We'll now process the PDF document using the following steps:
1. Load the PDF using our custom processor
2. Apply page-based chunking with rag_params = FAST_ANSWERS parameters:
   - Chunk size: rag_params.chunking.chunk_size tokens
   - Chunk overlap: rag_params.chunking.chunk_overlap tokens
   - Chunk size should not exceed a single PDF page for PDF files, multiple chunks should then be created for a single page
3. Enable deduplication to avoid redundant content processing
   - Deduplication here means that we don't want to process the same PDF file with the same chunking parameters (We don't expect duplicate chunks in the same PDF)
   - Chunking the same file with the same parameters should be idempotent
   - Suggestions:
      - keep the chunking database should be different from the embedding database
      - use the chunking parameters in the database name
      - check the database for any records with the given file name to detect if chunking was already executed
      - apply embeddings on the chunking database records when needed
4. Process all pages to get a complete view of the document structure

The process_pdf function will return:
- File name, file size, file number of pages
- Total number of chunks created
- Database: file name, table name, and other relevant attributes.


In [None]:
# Process the PDF with full page processing and deduplication
if not (persist_dir / "chroma.sqlite3").exists():
    chunks, records = await process_pdf(
        pdf_path,
        rag_params.embedding.model_name,
        persist_dir=str(persist_dir),
        chunk_size=rag_params.chunking.chunk_size,
        chunk_overlap=rag_params.chunking.chunk_overlap,
        max_pages=None,  # Process all pages
        deduplicate=True,
    )
    print(f"PDF Processing Results:")
    print(f"----------------------")
    print(f"Total chunks created: {chunks}")
    print(f"Unique records after deduplication: {records}")
    print(f"Deduplication removed: {chunks - records} chunks")
    print(f"Deduplication ratio: {(chunks - records) / chunks:.2%}")
else:
    print(f"Embeddings already exist in {persist_dir}, skipping processing.")

In [None]:
from rag_pipeline.core.chunking import get_page_chunks

# Get chunks per page analysis
page_chunks = get_page_chunks(pdf_path)

print(f"Page-Level Analysis:")
print(f"-----------------")
print(f"Total pages in document: {len(page_chunks)}")
print(f"Average chunks per page: {sum(len(chunks) for chunks in page_chunks.values()) / len(page_chunks):.2f}")
print(f"\nPages with most chunks:")
sorted_pages = sorted(page_chunks.items(), key=lambda x: len(x[1]), reverse=True)
for page_num, chunks in sorted_pages[:5]:
    print(f"Page {page_num}: {len(chunks)} chunks")

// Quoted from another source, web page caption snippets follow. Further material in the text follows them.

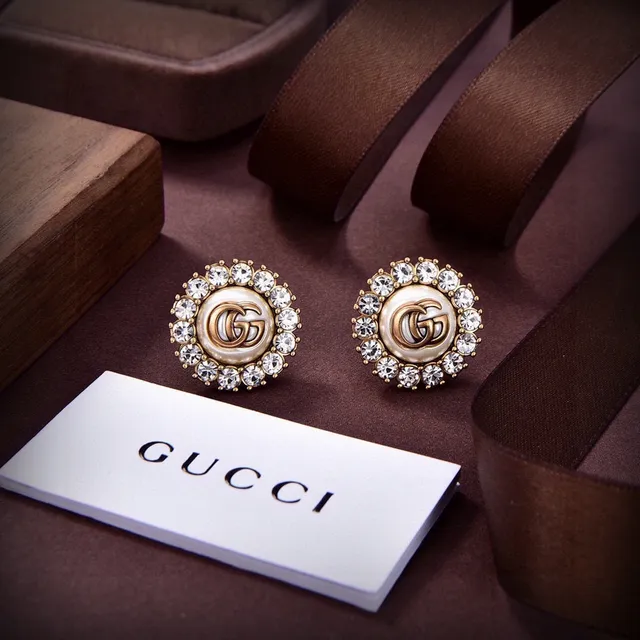 Gucci GG Marmont Crystal Halo Pearl Stud Earrings 2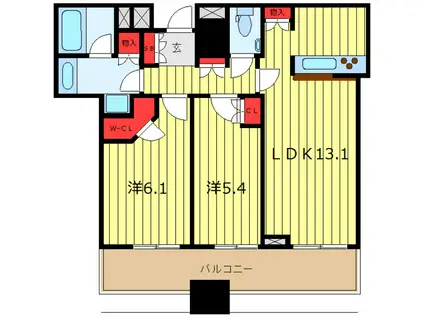 ステーションプラザタワー(2LDK/14階)の間取り写真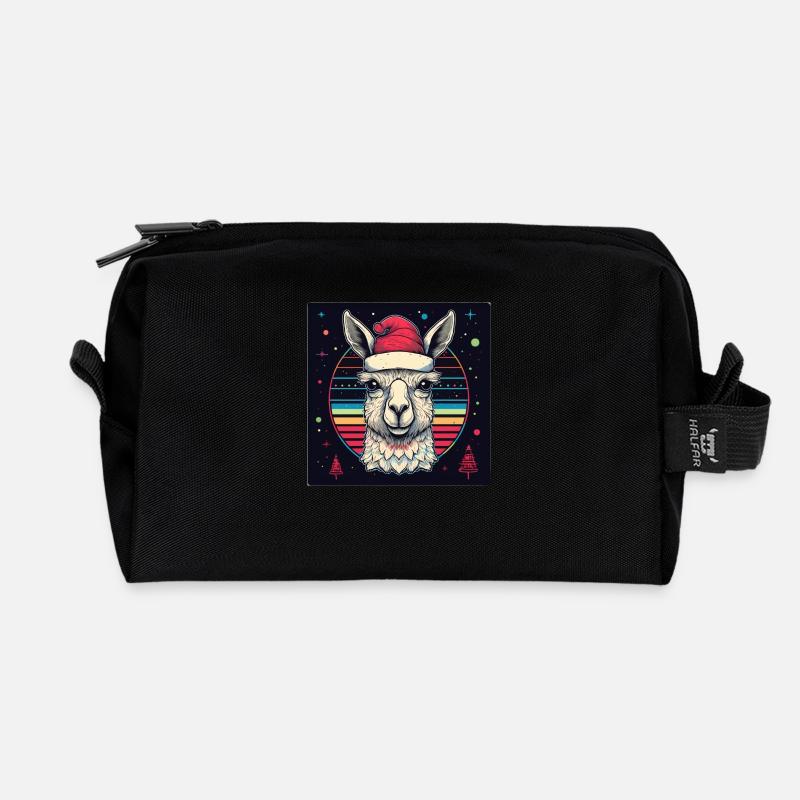 Alpaca X-Mas - Recycled Toiletry Zip Bag - black
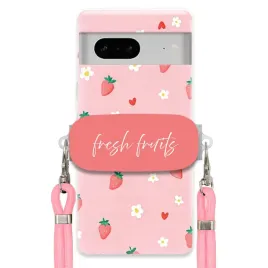 etui-do-google-pixel-7-uchwyt-rozowy-sznurek-pink-fresh-fruits-truskawki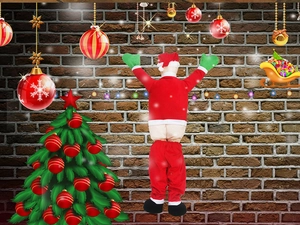 Detailed back view of funny Santa Claus plush hanging on brick wall for Christmas decor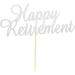 Arthsdite Happy Retirement Cake Topper Retired Cake Pick Retirement Theme Birthday Party Cake Decorations Supplies - Silver Glitter - Buy Online on SooperMarket.com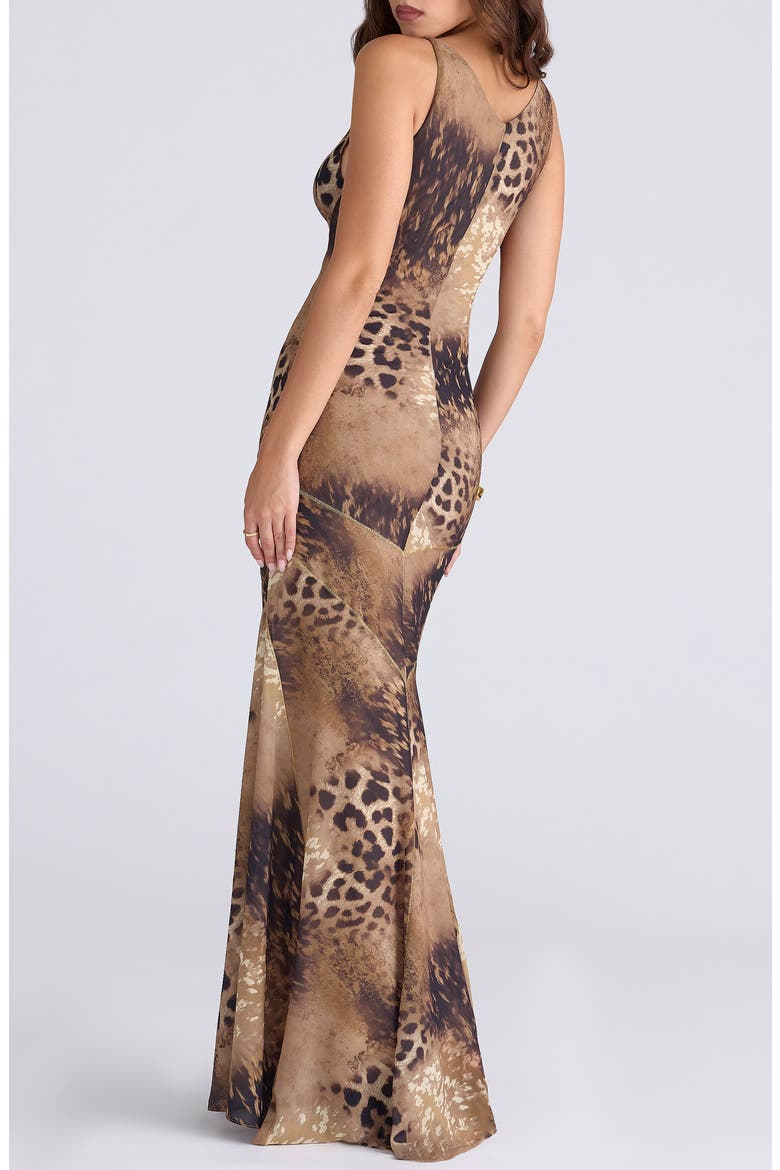 Sacha Print Georgette Gown, Alternate, color, LEOPARD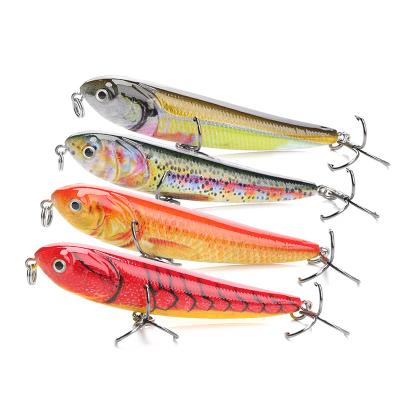 China OEM High Quality Unpainted White Hooks Action 70mm Vivid Fish Triple 6g Pencil Swimming Artificial Fishing Lures Hard Bait Fishing Tackle Co for sale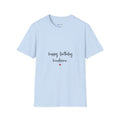 Happy Birthday Handsome T‑Shirt — Casual Birthday Tee with Script & Heart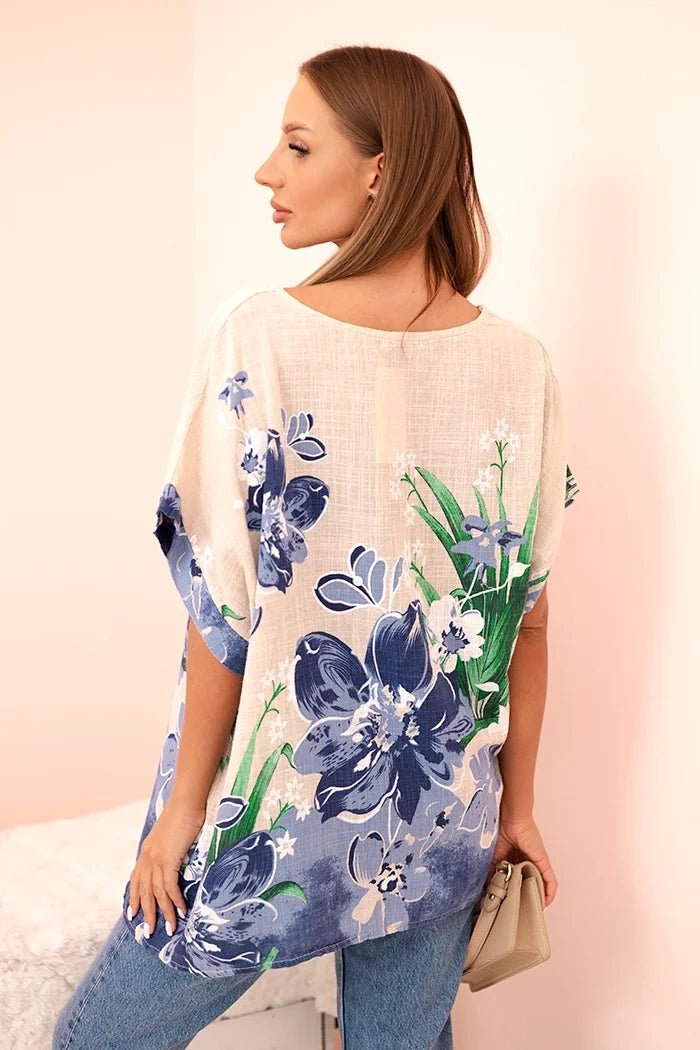 Women's cotton blouse with floral print and short sleeves ART10739 - 3 / – Fango цвет / color | Lexline Fashion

print(f"\nPages with least chunks:")
for page_num, chunks in sorted_pages[-5:]:
    print(f"Page {page_num}: {len(chunks)} chunks")

## Analysis Summary

The above results show:
1. The complete document processing with page-by-page chunking
2. Deduplication effectiveness in removing redundant content
3. Distribution of chunks across pages, highlighting:
   - Pages with dense content (more chunks)
   - Pages with sparse content (fewer chunks)
   - Average chunk distribution

This analysis helps understand how the document is being processed and can be used to tune the chunking parameters if needed.